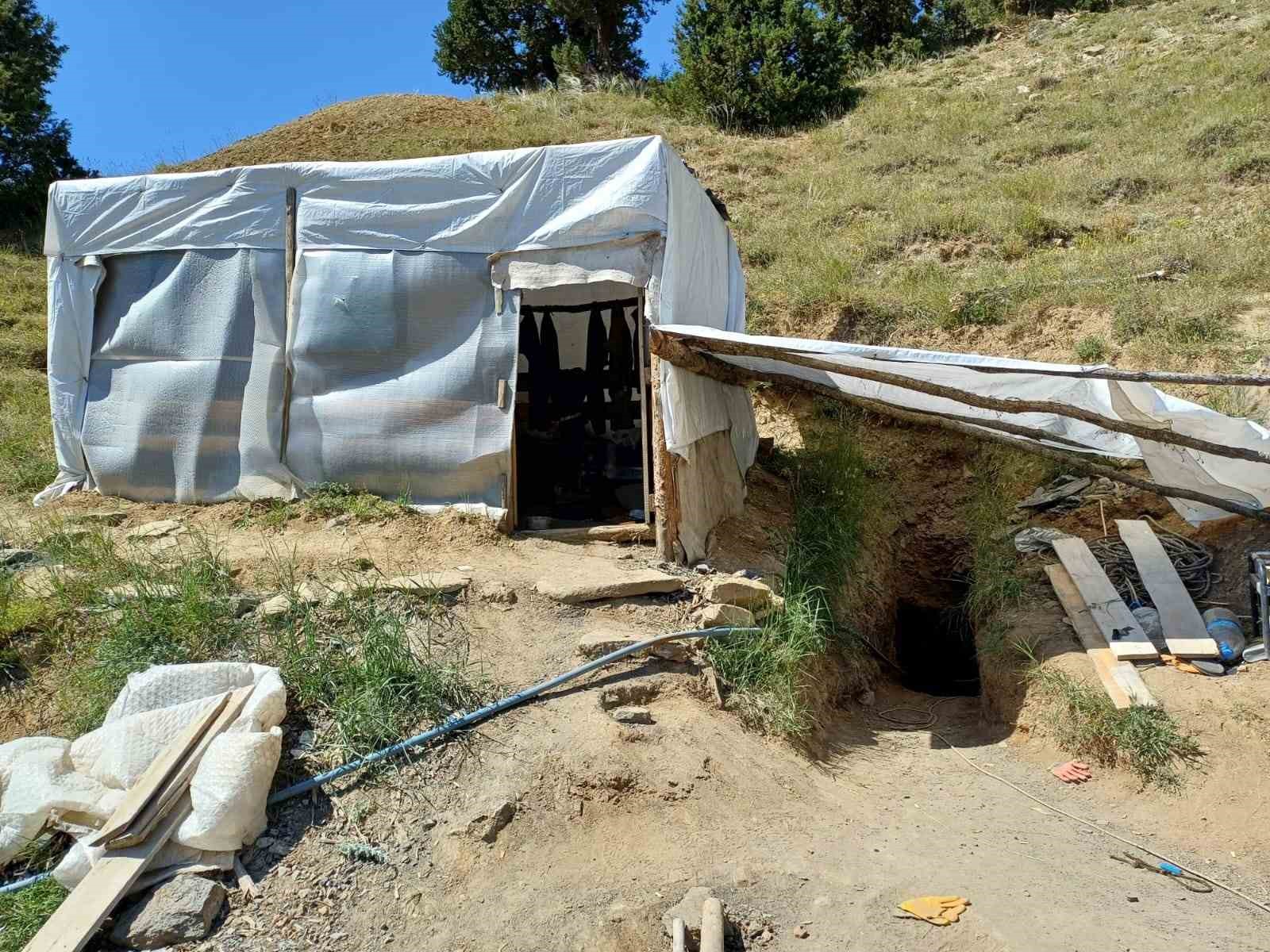 Göçüğün yaşandığı taş ocağından ilk görüntüler 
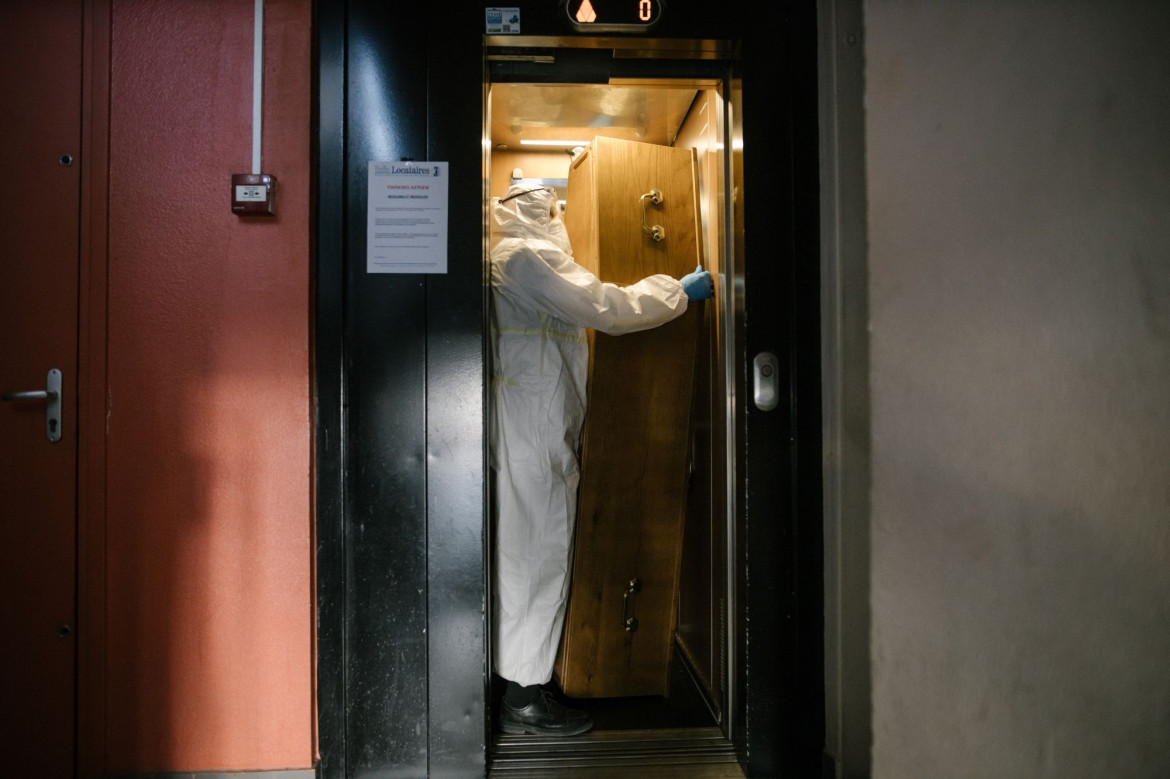 fot. Laurence Geai, Francja, z cyklu: "COVID-19 Pandemic in France", nominacja w kategorii "General news - seria zdjęć" / World Press Photo 2021<br></br><br></br>
Pierwsze potwierdzone przypadki zachorowań na COVID-19 w Europie odnotowano we Francji w dniu 24 stycznia. Szybko pojawiły się doniesienia o zakażeniach w innych krajach europejskich, a 13 marca Światowa Organizacja Zdrowia ogłosiła Europę epicentrum pandemii. Do końca marca w Paryżu i na jego przedmieściach odnotowano ponad jedną czwartą z 29 000 potwierdzonych zakażeń we francuskich szpitalach, z czego 1300 osób przebywało na intensywnej terapii. Między 17 marca a 11 maja Francja ogłosiła lockdown, a ograniczenia w Paryżu przedłużono do 14 czerwca. Zamknięto szkoły, kawiarnie, restauracje, sklepy i budynki użyteczności publicznej, a osoby przebywające poza domem musiały mieć przy sobie dowód tożsamości i podpisane oświadczenie o podróżowaniu. Domy opieki zostały zamknięte dla odwiedzających. Hospitalizacje osiągnęły szczyt w kwietniu, kiedy to 7,148 osób znalazło się na intensywnej terapii, podczas gdy pojemność oddziałów wynosiła tylko 5,000. Specjalnie przystosowane pociągi przewoziły pacjentów z przepełnionych szpitali do regionów, w których było mniej przypadków, a francuskie wojsko lotnicze przewoziło krytyczne przypadki ze wschodniej Francji do szpitali w sąsiednich krajach. W miarę wzrostu liczby zgonów kostnice zapełniały się po brzegi, a w miejscach takich jak hala chłodnicza paryskiego rynku hurtowego żywności Rungis otwierano doraźne kostnice. Domom pogrzebowym nakazano natychmiastowe pochowanie lub skremowanie ciał, bez żadnych ceremonii pogrzebowych, bez niczyjej obecności.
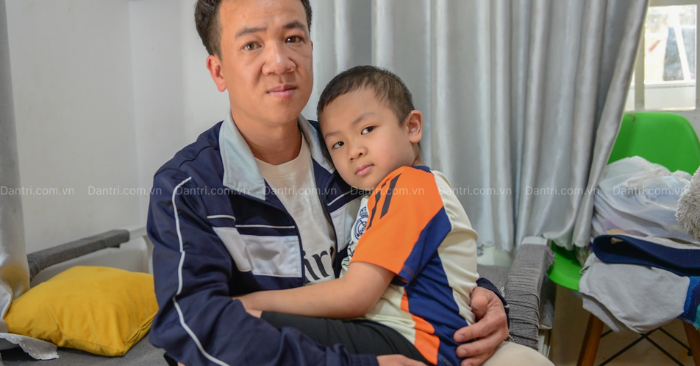 Người cha đơn thân tại Đà Lạt khẩn thiết cứu con bị ung thư máu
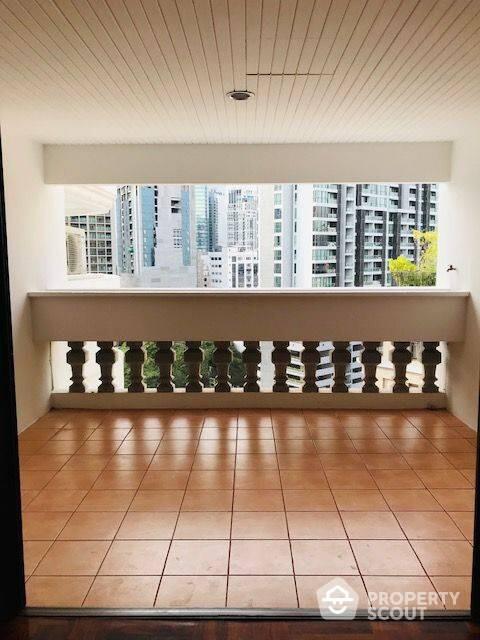 4-BR Apt. near BTS Phrom Phong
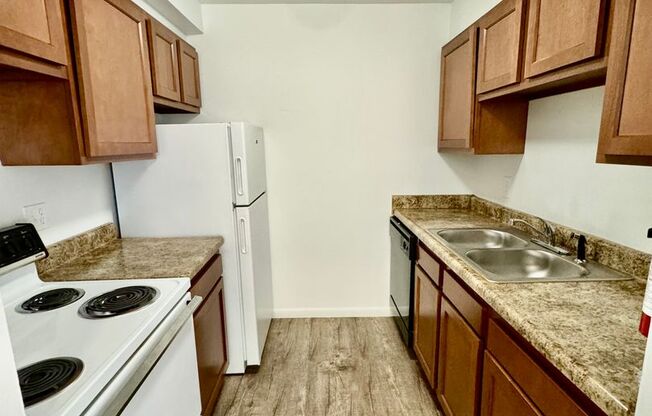 2 beds, 1 bath, 950 sqft, $1,295, Unit #15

▸ WHAT YOU ARE ASKED TO DO
Write out the entries again, exactly as given, skipping any images.

▸ FINAL ANSWER
 Göçüğün yaşandığı taş ocağından ilk görüntüler 
 fot. Laurence Geai, Francja, z cyklu: "COVID-19 Pandemic in France", nominacja w kategorii "General news - seria zdjęć" / World Press Photo 2021<br></br><br></br>
Pierwsze potwierdzone przypadki zachorowań na COVID-19 w Europie odnotowano we Francji w dniu 24 stycznia. Szybko pojawiły się doniesienia o zakażeniach w innych krajach europejskich, a 13 marca Światowa Organizacja Zdrowia ogłosiła Europę epicentrum pandemii. Do końca marca w Paryżu i na jego przedmieściach odnotowano ponad jedną czwartą z 29 000 potwierdzonych zakażeń we francuskich szpitalach, z czego 1300 osób przebywało na intensywnej terapii. Między 17 marca a 11 maja Francja ogłosiła lockdown, a ograniczenia w Paryżu przedłużono do 14 czerwca. Zamknięto szkoły, kawiarnie, restauracje, sklepy i budynki użyteczności publicznej, a osoby przebywające poza domem musiały mieć przy sobie dowód tożsamości i podpisane oświadczenie o podróżowaniu. Domy opieki zostały zamknięte dla odwiedzających. Hospitalizacje osiągnęły szczyt w kwietniu, kiedy to 7,148 osób znalazło się na intensywnej terapii, podczas gdy pojemność oddziałów wynosiła tylko 5,000. Specjalnie przystosowane pociągi przewoziły pacjentów z przepełnionych szpitali do regionów, w których było mniej przypadków, a francuskie wojsko lotnicze przewoziło krytyczne przypadki ze wschodniej Francji do szpitali w sąsiednich krajach. W miarę wzrostu liczby zgonów kostnice zapełniały się po brzegi, a w miejscach takich jak hala chłodnicza paryskiego rynku hurtowego żywności Rungis otwierano doraźne kostnice. Domom pogrzebowym nakazano natychmiastowe pochowanie lub skremowanie ciał, bez żadnych ceremonii pogrzebowych, bez niczyjej obecności.
 Người cha đơn thân tại Đà Lạt khẩn thiết cứu con bị ung thư máu
 4-BR Apt. near BTS Phrom Phong
 2 beds, 1 bath, 950 sqft, $1,295, Unit #15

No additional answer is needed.